I've bought and sold hundreds of lots and land.

In general I would not recommend to new investors.

The Great Recession of 2008 had a more drastic effect on vacant land than houses, apartments and buildings.

In many areas in the run up from 2000 to 2008 land prices quadrupled or more; and in many areas there is an over supply of created lots.  and still a buyers market with more sellers than there are buyers.

In a buyers market unless  you are experienced.  You should stay on the side of being a buyer and not being a seller.

For me I'm a buyer and a seller all the time, though it can take longer to sell lots in a buyers market.  In one of the areas where I work prices did quadruple from 2000 to 2008.  It was glorious.  We sold some properties for 40x what we paid!  Grant Cardone talks about 10x in his book of the same name, we were doing 40x.

But on the flip side, those prices have dropped since 2008.  Every year since 2008 in that area, the prices have dropped and the sales volume have dropped.  It like a free fall.

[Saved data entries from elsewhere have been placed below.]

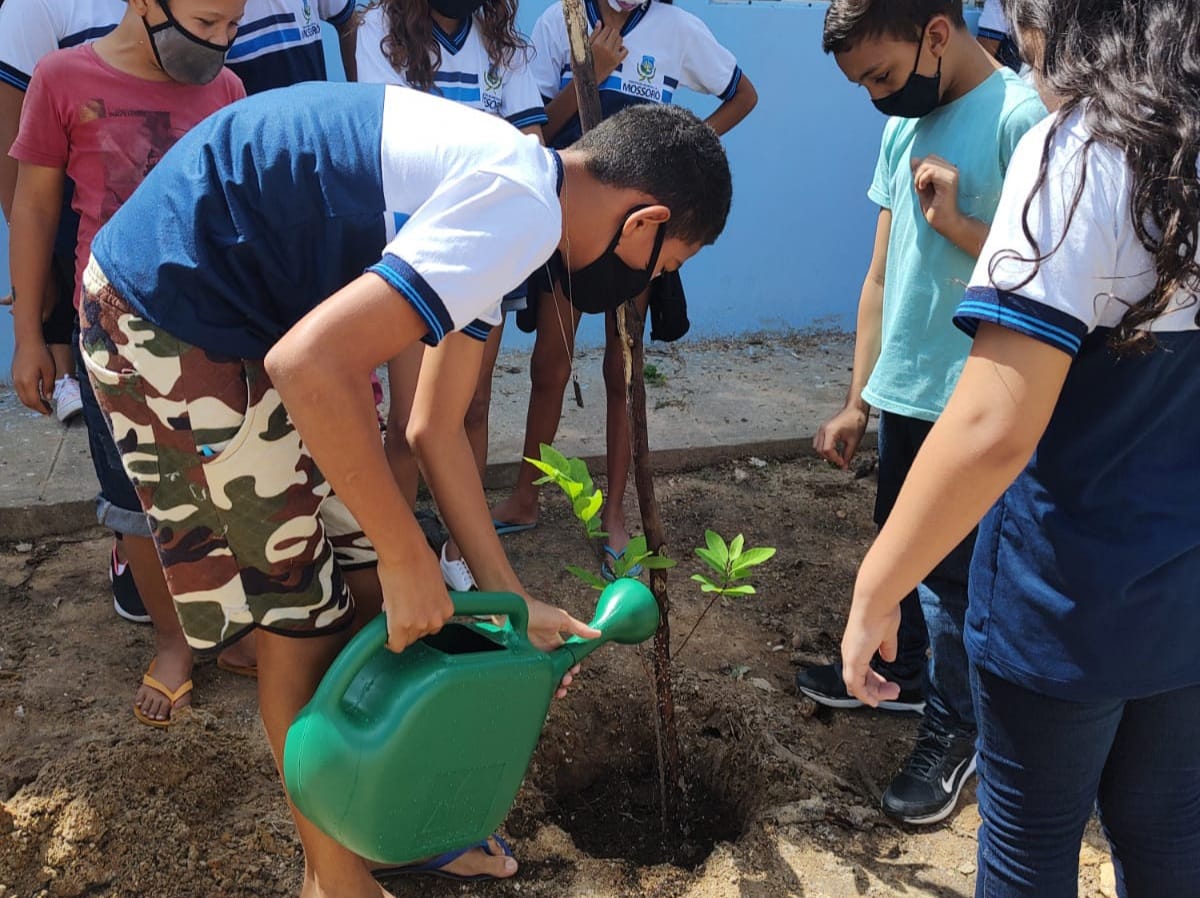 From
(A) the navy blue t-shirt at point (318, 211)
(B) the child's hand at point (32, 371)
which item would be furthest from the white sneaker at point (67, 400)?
(A) the navy blue t-shirt at point (318, 211)

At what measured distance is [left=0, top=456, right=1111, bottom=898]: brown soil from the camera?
6.91 feet

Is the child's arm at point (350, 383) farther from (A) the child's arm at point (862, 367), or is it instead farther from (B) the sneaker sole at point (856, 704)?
(B) the sneaker sole at point (856, 704)

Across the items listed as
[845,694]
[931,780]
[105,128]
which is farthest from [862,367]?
[105,128]

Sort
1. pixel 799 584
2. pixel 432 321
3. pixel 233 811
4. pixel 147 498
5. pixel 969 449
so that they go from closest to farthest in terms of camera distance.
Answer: pixel 969 449 → pixel 432 321 → pixel 147 498 → pixel 233 811 → pixel 799 584

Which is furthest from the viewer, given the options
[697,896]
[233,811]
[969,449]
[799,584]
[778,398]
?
[778,398]

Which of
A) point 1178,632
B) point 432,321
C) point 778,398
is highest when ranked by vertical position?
point 432,321

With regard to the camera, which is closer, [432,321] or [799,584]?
[432,321]

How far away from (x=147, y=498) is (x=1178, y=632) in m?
1.49

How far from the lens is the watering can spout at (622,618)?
174cm

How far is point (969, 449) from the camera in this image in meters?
1.22

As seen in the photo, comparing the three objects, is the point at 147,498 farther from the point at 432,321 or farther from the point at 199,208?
the point at 432,321

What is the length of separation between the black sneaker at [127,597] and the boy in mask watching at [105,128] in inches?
19.0

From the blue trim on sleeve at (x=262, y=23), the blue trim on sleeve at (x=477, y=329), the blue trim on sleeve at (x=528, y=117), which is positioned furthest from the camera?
the blue trim on sleeve at (x=528, y=117)

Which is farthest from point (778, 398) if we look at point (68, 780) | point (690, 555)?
point (68, 780)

I have a classic example.  I sold a lot in 2008, and then sold the identical lot next door in 2013 for 60% LESS.  IOW, the second lot sold for 40% of what the first lot sold for.  I've also sold lots there this year (oh yes I still have lots there that I bought quite a while ago) for 20% of what peak prices were, IOW for 20% of what I previously sold.  In fact the prices that I've recently sold are about the same prices that I sold 20-25 years ago in the same community!

There are a lot of issues with lots like:

wetlands

flood plains

environmental contamination

endangered species, both plant and animal

zoning regulaitons

streams

perking for septic suitability

well depth and costs

All of these can make a property unbuildable.

There is a niche of the market where people buy lots really cheap, sometimes for a few hundreds and re-sell, largely on the internet.  Sometimes their ads are outright lies, sometimes they just forget to mention certain things like failed perk and title issues and unbuidability. 

Don't become that type of fraudster.